Convolutional Neural Networks for the Automated Segmentation and Recurrence Risk Prediction of Surgically Resected Lung Tumors

Abstract

Lung cancer is the leading cause of cancer related mortality by a significant margin. While new technologies, such as image segmentation, have been paramount to improved detection and earlier diagnoses, there are still significant challenges in treating the disease. In particular, despite an increased number of curative resections, many postoperative patients still develop recurrent lesions. Consequently, there is a significant need for prognostic tools that can more accurately predict a patient's risk for recurrence. In this thesis, we explore the use of convolutional neural networks (CNNs) for the segmentation and recurrence risk prediction of lung tumors that are present in preoperative computed tomography (CT) images. First, expanding upon recent progress in medical image segmentation, a residual U-Net is used to localize and geometrically characterize each nodule. Then, the identified tumors are passed to a second CNN for recurrence risk prediction.
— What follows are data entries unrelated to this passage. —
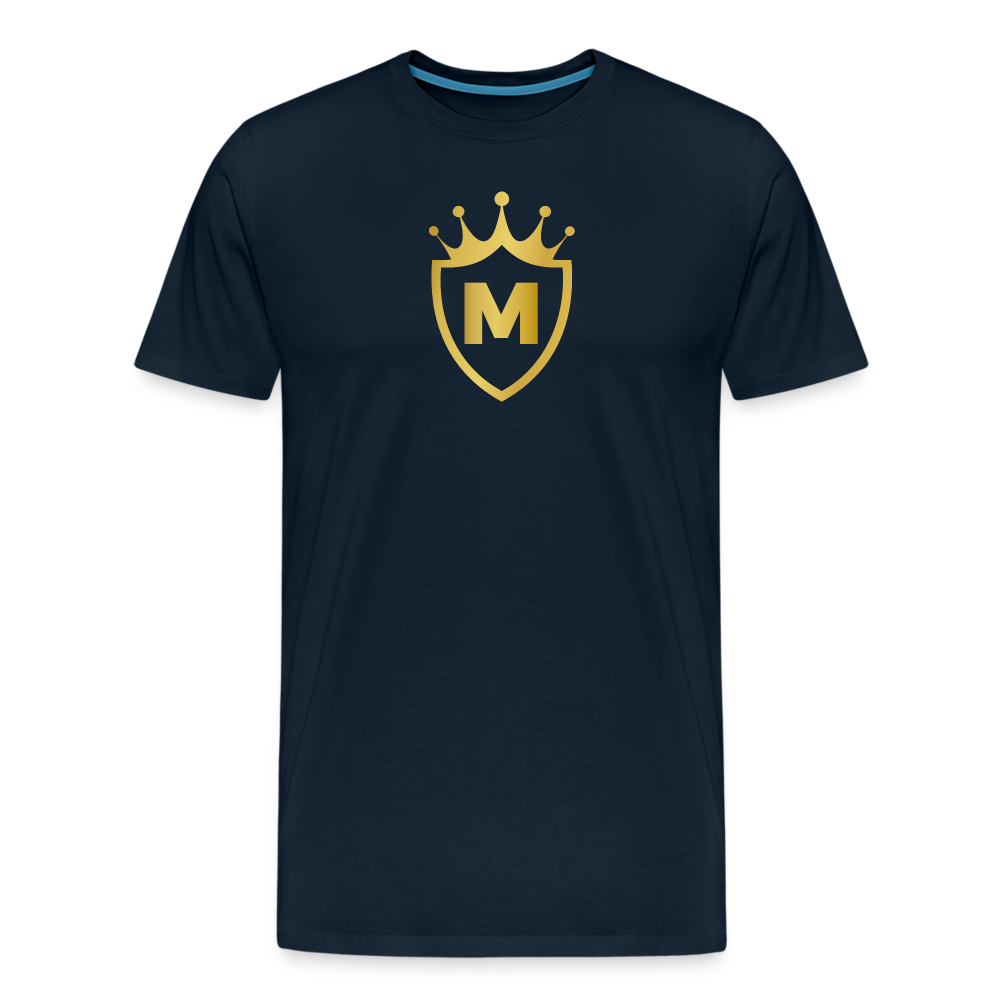 MASCULINITY CROWN AND SHIELD CREST - deep navy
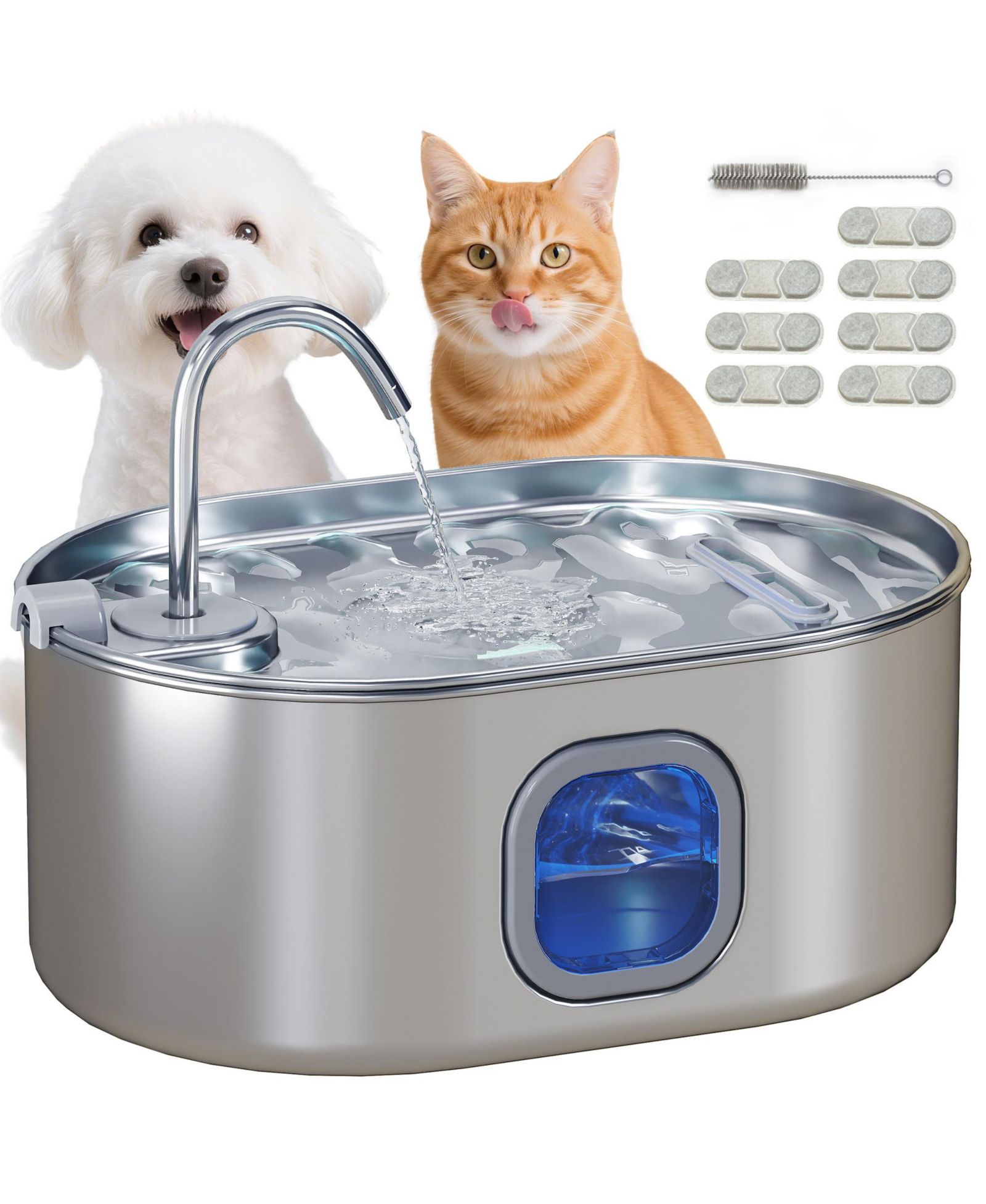 Водопад для кошек PawHut из нержавеющей стали, 246 oz. / 7L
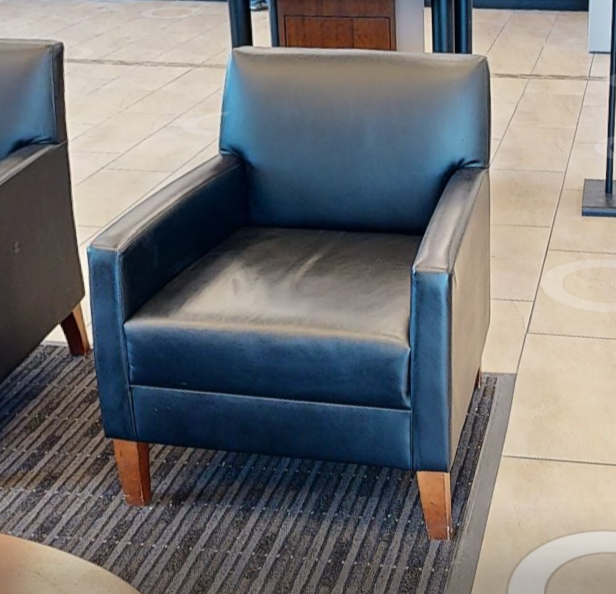 Black lounge chair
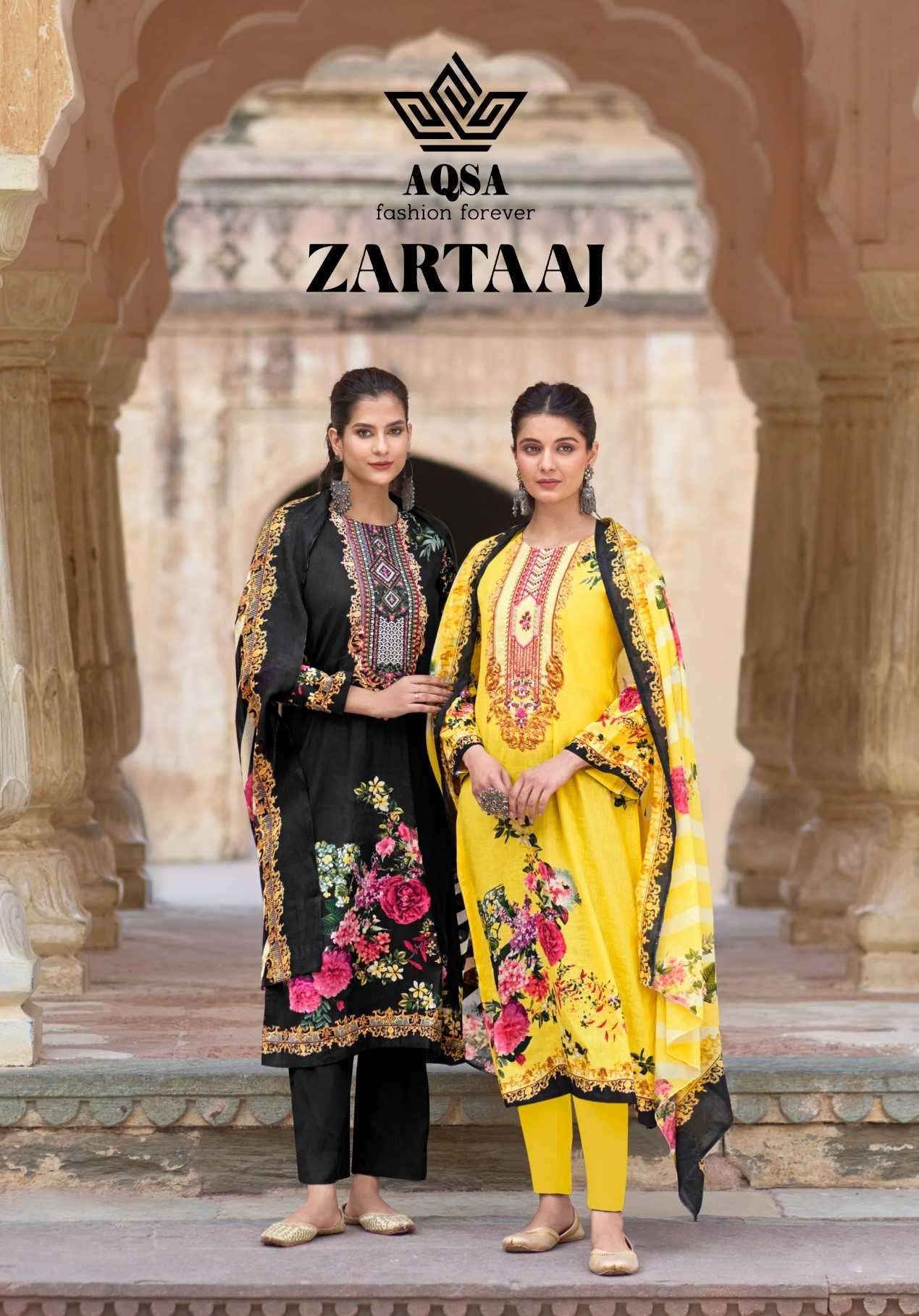 aqsa zartaj series 1001-1006 CAMRICK cotton printed suit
The system's final results are produced with a random forest classifier that synthesizes the predictions of the second network with clinical and geometric attributes. Our proposed framework demonstrates that first, automated nodule segmentation methods can generalize to enable pipelines for a wide range of multitask systems and second, that deep learning and image processing have the potential to improve current prognostic tools. To the best of our knowledge, our proposed framework is the first fully automated segmentation and recurrence risk prediction system to be implemented.